The Twitter crackdown comes in a month where QAnon believers have flexed their muscles like never before on the platform, regularly seizing control of Twitter’s trending topics feature to terrorize large companies and celebrities, two keys to Twitter’s own growth.
The trending bar is supposed to tell Twitter users what matters on the site that day. Instead, QAnon fans used their numbers to cook up a bizarre theory that children were being traded and sold on furniture website Wayfair. And they harassed celebrity Chrissy Teigen with baseless allegations of pedophilia and cannibalism, until Teigen made her account private in the face of the onslaught and said she feared for her family’s safety.
A Twitter spokesperson claimed that the QAnon crackdown, which includes efforts meant to stop QAnon hashtags from trending, isn’t inspired by any particular incident.

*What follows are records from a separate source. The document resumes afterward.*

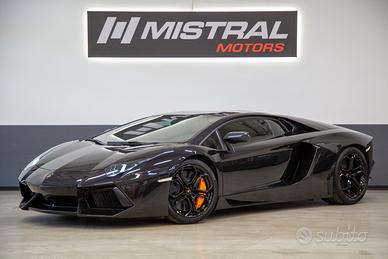 Lamborghini Aventador 6.5 V12 LP700-4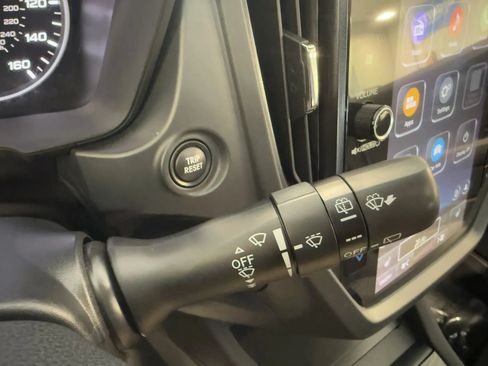 Used 2025 Subaru Forester Premium AWD/4WD image 33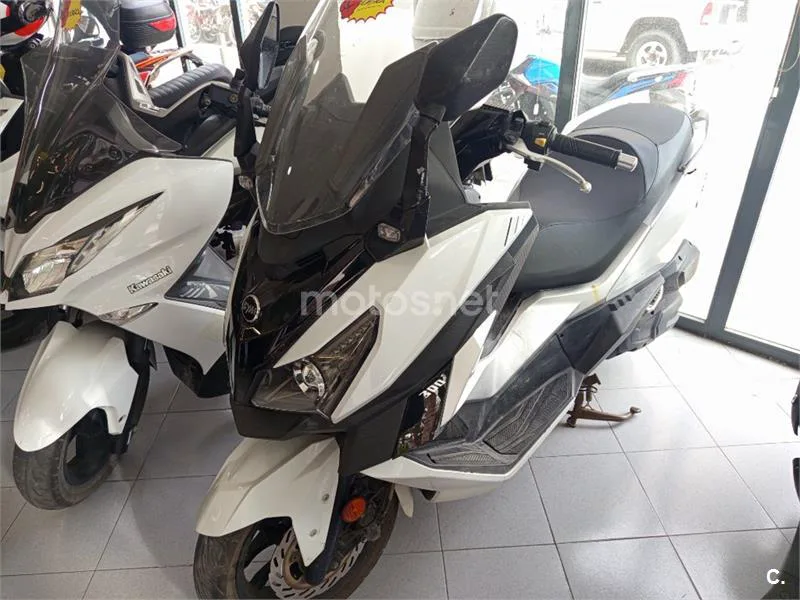 SYM Cruisym – Vista 5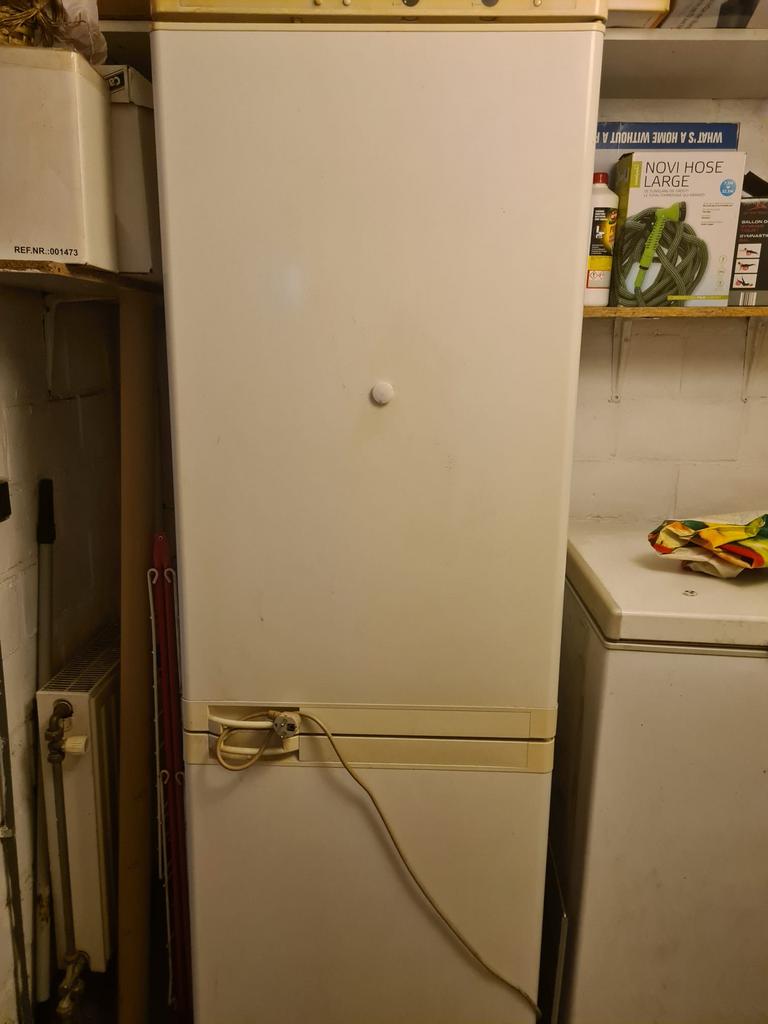 Frigo à DONNER, Enlèvement, Utilisé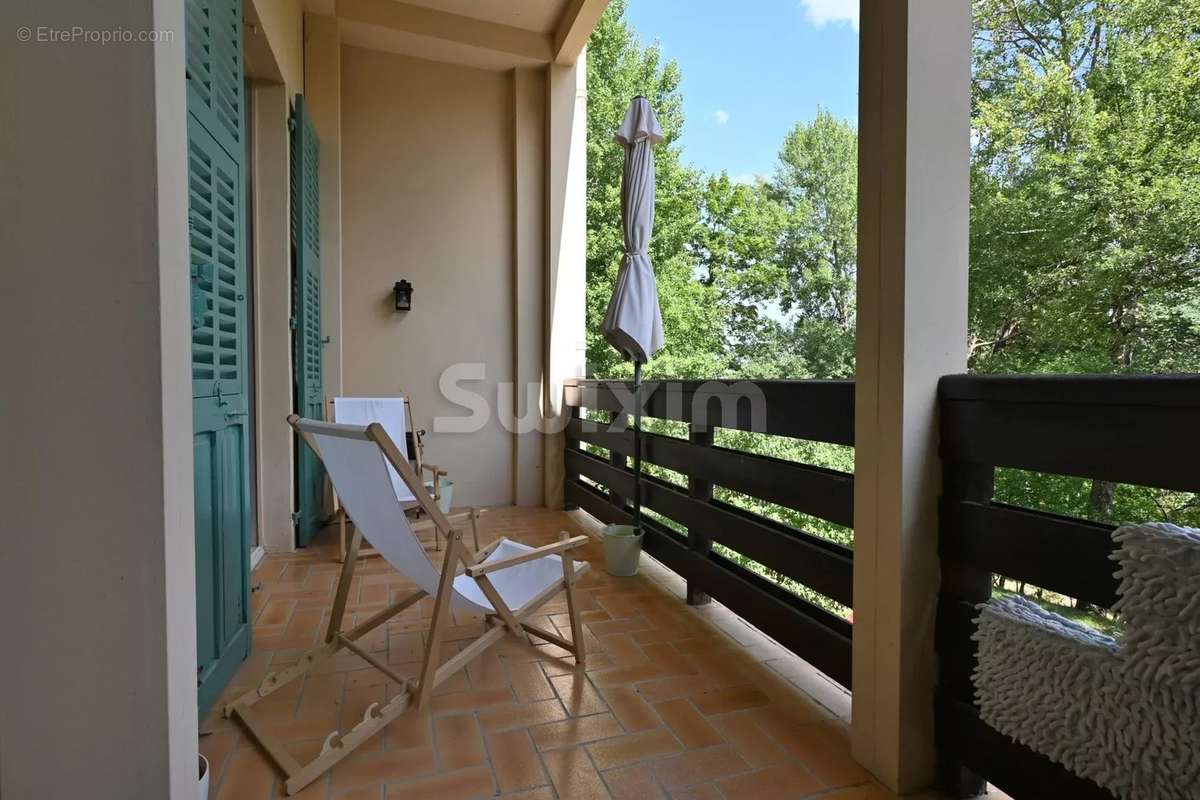 Appartement à GREOLIERES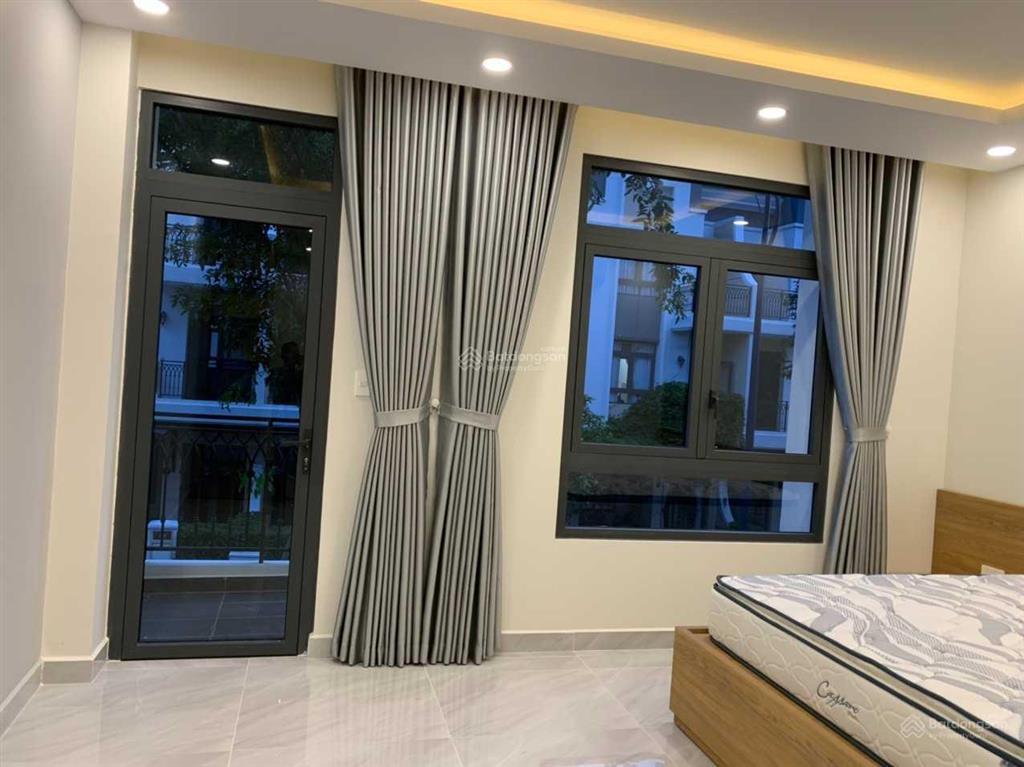 Cho thuê nhà melosa garden khang điền 1 trệt 2 lầu nội thất đẹp, an ninh 13tr, 0902 442 ***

“Based on a lengthy investigation and further assessment from our Trust & Safety team, we have seen a marked trend of QAnon accounts increasing their coordination and swarming to disrupt the public conversation across the service,” the spokesperson said in a statement.
Twitter’s new restrictions could limit QAnon’s spread on the site, but they were late in coming, according to Joan Donovan, the research director of the Shorenstein Center on Media, Politics, and Public Policy at Harvard University. QAnon is well-established on other social media networks, including Facebook and TikTok, the social media app popular with young people where the QAnon-adjacent Pizzagate conspiracy theory has flourished.
“These groups have strategically spread out across numerous platforms to protect themselves from losing their network,” Donovan told The Daily Beast. “Ultimately, unless YouTube and Facebook quickly follow up with similar removals, they will become a hive for this group trafficking in political and medical misinformation.”
Hashtags aside, there are even more obvious downsides to QAnon’s growth—ruined families, split apart by one member’s conviction that Hillary Clinton eats children, or the swathes of Republican voters who are increasingly divorced from reality.
There’s also real-world violence. One QAnon believer allegedly drove a Samurai sword into his brother’s head, convinced of the stories told by a splinter QAnon faction that the world was controlled by lizard people. Another allegedly shot the head of a Mafia family in an attempt to bring him to Trump’s mythical QAnon tribunals, ruining his own life in the process.
A military veteran in Arizona who became enamored with QAnon now faces a lengthy prison sentence after using an armored vehicle to shut down a bridge near the Hoover Dam to protest QAnon clues that had failed to come true.
Another man tried to burn down Comet Ping Pong, the Washington pizzeria QAnon believers are convinced is the hub of a global pedophile cabal. The arson attempt could have killed countless patrons, including children, if employees hadn’t put out the fire. Two women have been charged with QAnon-related plots to kidnap their own children.
So far, Twitter’s purge hasn’t extended to some of QAnon’s leaders on the site. As of this writing, many of the most visible QAnon accounts—including Jordan Sather, a QAnon promoter who encourages his fans to consume a substance the FDA warns amounts to drinking bleach—are still active on the site.
Dustin Nemos, a prominent QAnon promoter who was banned from Twitter earlier this year, feels confident that other QAnon believers will find out ways to remain on Twitter and keep pushing their message through hashtags.
“Maybe they’ll just hijack a Pepsi hashtag or something,” Nemos said.